The ‘Godfather of Soul’ influenced hip-hop in so many ways. Emerging in the music industry in the mid-50s, Brown enthralled the Black masses with his signature releases ‘Papa’s Got a Brand New Bag’ and ‘I Got You (I Feel Good)’, both released in 1965 and ranked Top 10 Pop and #1 R&B hits. In 1968, Brown released ‘Say It Loud – I’m Black and I’m Proud’ which actually became a Black anthem and in 1970, ‘Get Up (I Feel Like Being a) Sex Machine’ that reached #2 in the R&B hits.

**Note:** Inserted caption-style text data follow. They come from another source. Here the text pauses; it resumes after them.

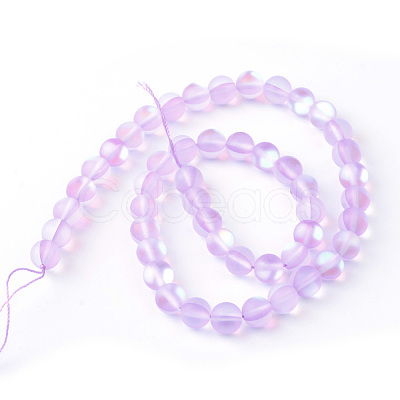 Synthetic Moonstone Beads Strands X-G-R375-6mm-A02-1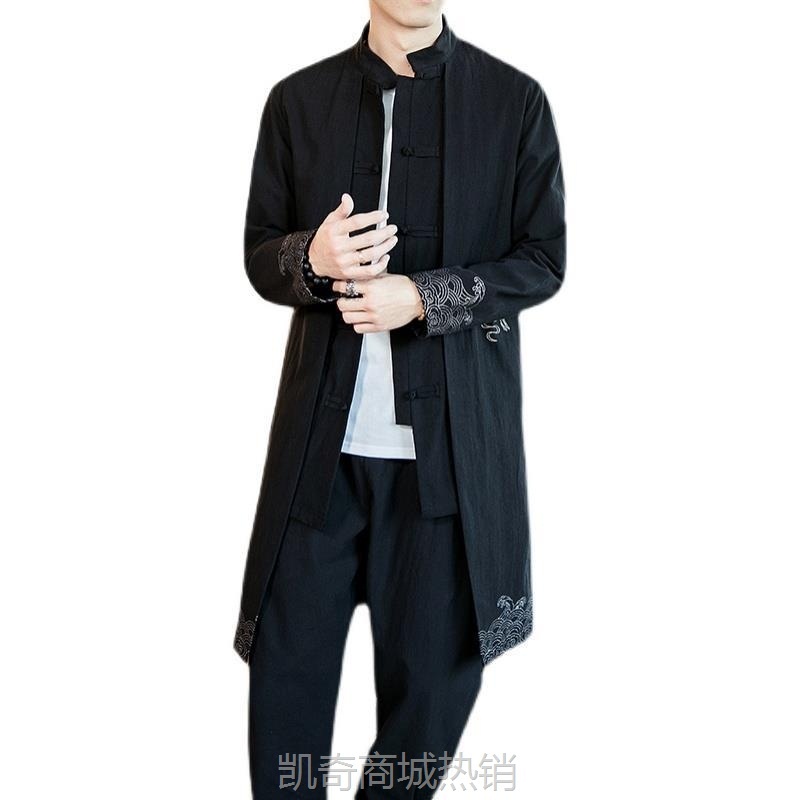 2022秋冬新款中国风男装盘扣风衣汉服宽松外套青年立领中长款唐装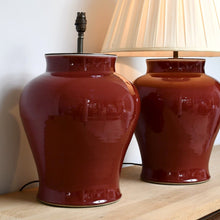 A Pair of Chinese Sang de Boeuf - Table Lamps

Brown’s rhythmic novelties influenced greatly many popular music styles, such as funk, R&B, disco, rock & roll and rap, making him the most sampled artist in the history of hip-hop. ‘The Payback’, released in 1974 was used by Silk in ‘Happy Days’, by En Vogue in ‘Hold On’ and ‘My Lovin (Never Gonna Get It)’, by Total’s in ‘Can’t You See’ and by LL Cool J in ‘Jack the Ripper’; ‘Pass the Peas’ released in 1974, was used by Heavy D and the Boyz’s in ‘The Overweight Lover’, by De La Soul in ‘Pass the Plugs’ and by Eric B and Rakim in ‘I Ain’t No Joke’. Public Enemy, Puff Duddy, Kool Moe Dee, Ice T, Big Daddy Kane, Run D.M.C. and many other multi-million rappers have used Brown’s smash hits as their background music, while his dynamic rhythms have inspired break beats and funk drumming. Brown’s legacy is also immense in regards to emceeing because his unique call-and-response style, with his unique vocals have inspired and educated many talented MCs in the following years.

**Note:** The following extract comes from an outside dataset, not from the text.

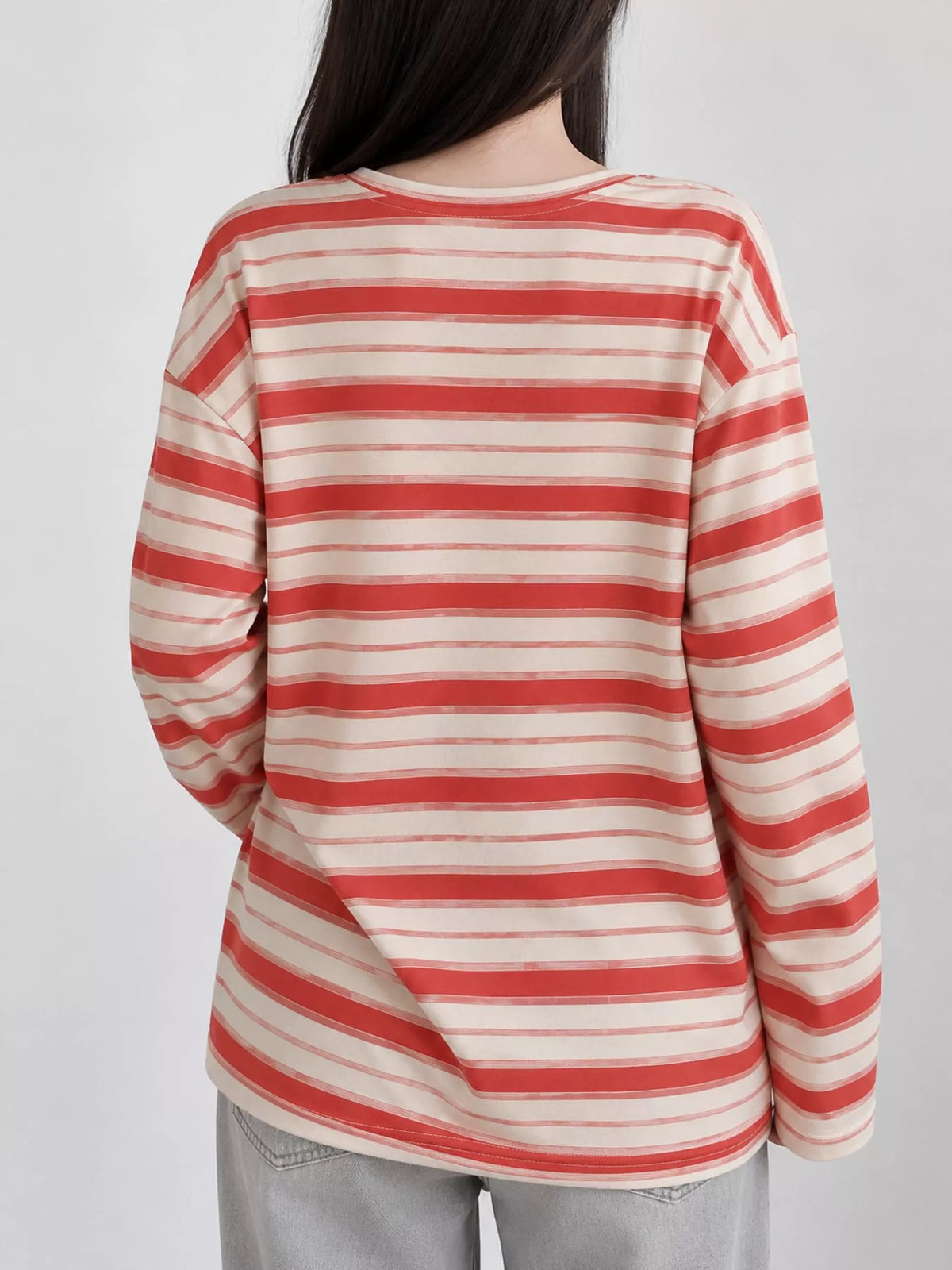 Oversized Striped Crew Neck T-Shirt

However, more than his full-fledged releases, Brown captured the mood of Black America with his live performances. Dancing vigorously under the white glare of the concert lights, adorned in his silk costumes, and looking glorious in his elaborate hairstyle, Brown’s concerts were an alluring experience. Being the first to introduce the Mashed Potato dance style into funk music, Brown enriched his steps with leaps, splits and slides, adding back-vocal singers to perform dance motives. The visual excellence was completed with tuxedoes for all male performers.

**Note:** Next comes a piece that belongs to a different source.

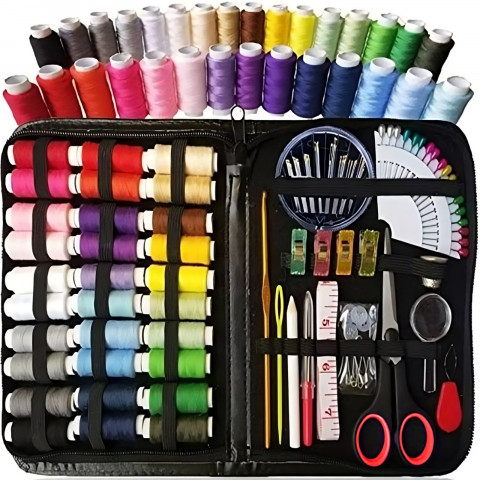 
Siuvėjo įrankių dėžė, siūlų kirpimo įrankis, priedai dėkle - 122 vnt.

For many contemporary rappers, there are no words to describe the huge influence of James Brown on their art. If it wasn’t for him, for his unparalleled passion on stage, his unmatched vocals, his social activity, his constant influence on Black people through the radio at times when Black people were considered second-class citizens, hip-hop wouldn’t stand where it stands today. It would have had the skills, the culture and the philosophy to progress, but the soul was inspired by the ‘Godfather of Soul’, Mr. James Joseph Brown; without the slightest doubt.